### REQUIREMENT
With the pictures omitted, repeat exactly the lines below starting with the line that has "Front Lamination National" and going on through the line that has "c80's European label - leather midi skirt".

### DATA FOR THIS TASK
------------------------------------------------
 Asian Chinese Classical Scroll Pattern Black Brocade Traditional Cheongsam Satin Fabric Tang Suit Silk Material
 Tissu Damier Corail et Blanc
------------------------------------------------
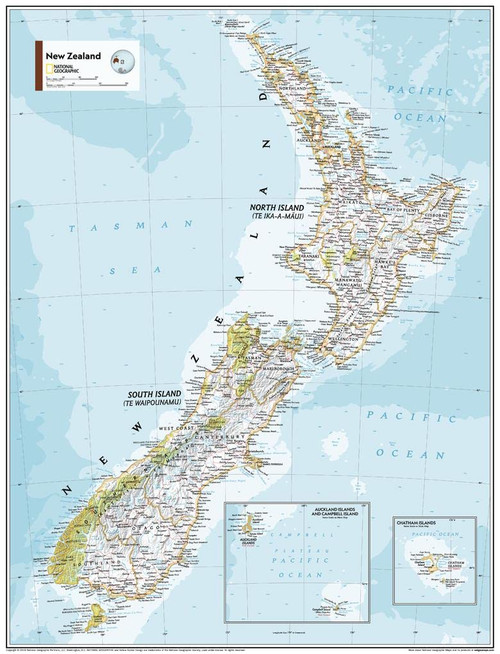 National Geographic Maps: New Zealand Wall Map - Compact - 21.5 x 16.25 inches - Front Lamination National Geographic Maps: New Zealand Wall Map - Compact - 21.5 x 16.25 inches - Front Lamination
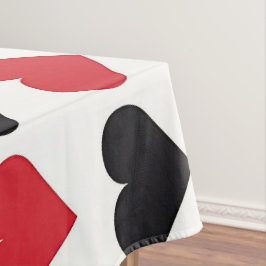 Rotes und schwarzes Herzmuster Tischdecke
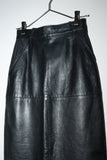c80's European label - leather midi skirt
------------------------------------------------
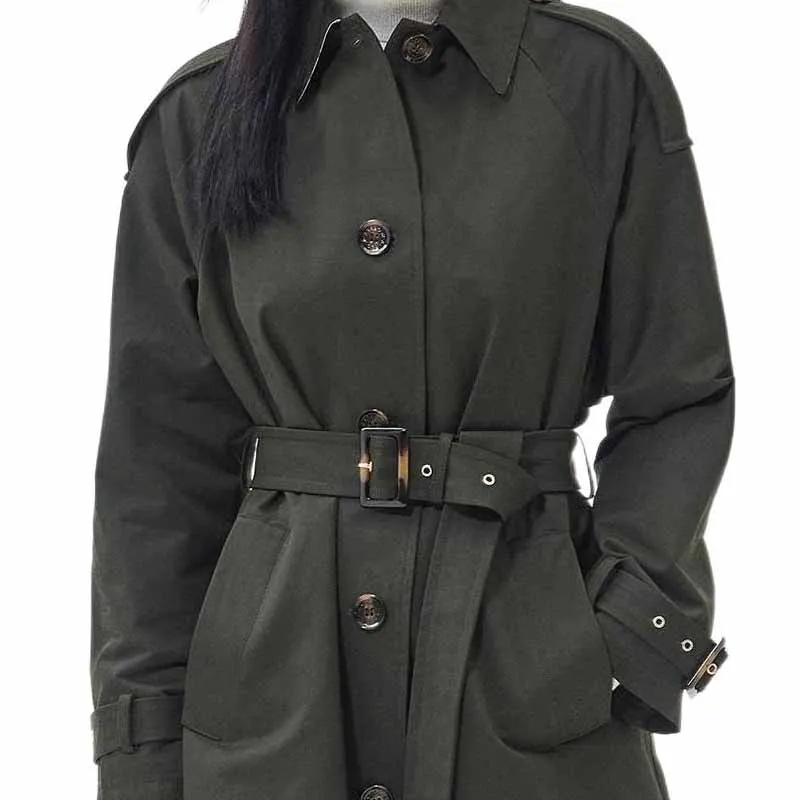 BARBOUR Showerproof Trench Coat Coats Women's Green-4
------------------------------------------------
### COMPLETED TASK
 National Geographic Maps: New Zealand Wall Map - Compact - 21.5 x 16.25 inches - Front Lamination National Geographic Maps: New Zealand Wall Map - Compact - 21.5 x 16.25 inches - Front Lamination
 Rotes und schwarzes Herzmuster Tischdecke
c80's European label - leather midi skirt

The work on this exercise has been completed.